**About this exercise**
Scan the entries below for the word "Sleeve" and copy every line in which it occurs.

################

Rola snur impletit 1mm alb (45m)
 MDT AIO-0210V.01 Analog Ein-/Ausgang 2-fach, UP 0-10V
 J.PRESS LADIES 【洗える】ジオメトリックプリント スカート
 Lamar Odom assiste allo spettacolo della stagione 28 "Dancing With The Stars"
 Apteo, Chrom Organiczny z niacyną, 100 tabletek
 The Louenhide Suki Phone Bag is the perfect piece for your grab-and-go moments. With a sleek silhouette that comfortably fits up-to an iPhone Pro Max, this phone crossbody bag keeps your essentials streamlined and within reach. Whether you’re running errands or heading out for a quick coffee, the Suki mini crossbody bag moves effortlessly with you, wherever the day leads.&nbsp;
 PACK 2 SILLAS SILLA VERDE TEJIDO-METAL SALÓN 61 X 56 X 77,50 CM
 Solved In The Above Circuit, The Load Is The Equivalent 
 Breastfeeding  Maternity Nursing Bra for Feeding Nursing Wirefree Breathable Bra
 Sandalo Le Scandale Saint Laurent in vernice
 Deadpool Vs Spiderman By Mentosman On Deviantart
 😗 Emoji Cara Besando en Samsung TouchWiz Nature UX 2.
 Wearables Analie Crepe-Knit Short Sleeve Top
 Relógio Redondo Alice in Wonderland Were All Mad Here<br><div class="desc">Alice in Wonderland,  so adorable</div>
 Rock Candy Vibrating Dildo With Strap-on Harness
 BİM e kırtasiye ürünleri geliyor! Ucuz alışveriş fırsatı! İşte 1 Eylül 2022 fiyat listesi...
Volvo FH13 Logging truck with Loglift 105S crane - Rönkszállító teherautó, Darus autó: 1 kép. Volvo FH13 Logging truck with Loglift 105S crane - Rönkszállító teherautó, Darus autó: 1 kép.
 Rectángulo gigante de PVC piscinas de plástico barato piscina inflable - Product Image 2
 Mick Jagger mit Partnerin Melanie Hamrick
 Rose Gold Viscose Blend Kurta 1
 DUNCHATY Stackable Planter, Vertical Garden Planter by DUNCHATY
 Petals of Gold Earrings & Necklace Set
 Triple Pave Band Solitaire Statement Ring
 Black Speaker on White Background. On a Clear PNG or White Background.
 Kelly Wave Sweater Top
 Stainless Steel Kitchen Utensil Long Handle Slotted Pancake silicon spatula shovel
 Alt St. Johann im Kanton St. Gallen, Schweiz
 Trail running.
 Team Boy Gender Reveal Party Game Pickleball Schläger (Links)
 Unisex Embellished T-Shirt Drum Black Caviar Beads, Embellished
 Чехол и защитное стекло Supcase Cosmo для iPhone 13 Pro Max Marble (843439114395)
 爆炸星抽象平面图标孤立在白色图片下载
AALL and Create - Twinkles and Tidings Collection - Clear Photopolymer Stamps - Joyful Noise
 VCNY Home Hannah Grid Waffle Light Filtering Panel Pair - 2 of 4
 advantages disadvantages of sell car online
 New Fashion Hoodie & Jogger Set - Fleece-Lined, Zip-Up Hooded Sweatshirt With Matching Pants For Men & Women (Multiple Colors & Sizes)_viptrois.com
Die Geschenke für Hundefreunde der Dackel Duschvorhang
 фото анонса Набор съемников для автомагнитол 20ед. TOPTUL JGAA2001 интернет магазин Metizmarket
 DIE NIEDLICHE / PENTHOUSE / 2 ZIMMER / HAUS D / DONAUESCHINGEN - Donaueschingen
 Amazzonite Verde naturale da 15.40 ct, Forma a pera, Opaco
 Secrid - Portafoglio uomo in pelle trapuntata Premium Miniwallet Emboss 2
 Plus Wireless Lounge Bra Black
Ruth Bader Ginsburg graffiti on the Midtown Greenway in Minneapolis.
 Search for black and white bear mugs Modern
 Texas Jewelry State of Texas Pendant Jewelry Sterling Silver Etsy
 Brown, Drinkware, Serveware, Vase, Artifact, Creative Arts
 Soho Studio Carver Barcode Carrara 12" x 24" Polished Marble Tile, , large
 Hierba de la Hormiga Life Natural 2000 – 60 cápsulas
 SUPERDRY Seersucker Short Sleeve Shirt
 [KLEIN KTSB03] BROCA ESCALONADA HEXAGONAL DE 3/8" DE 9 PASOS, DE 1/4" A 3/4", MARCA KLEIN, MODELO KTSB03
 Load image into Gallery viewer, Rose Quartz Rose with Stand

################

**Result of this exercise**
 Wearables Analie Crepe-Knit Short Sleeve Top
 SUPERDRY Seersucker Short Sleeve Shirt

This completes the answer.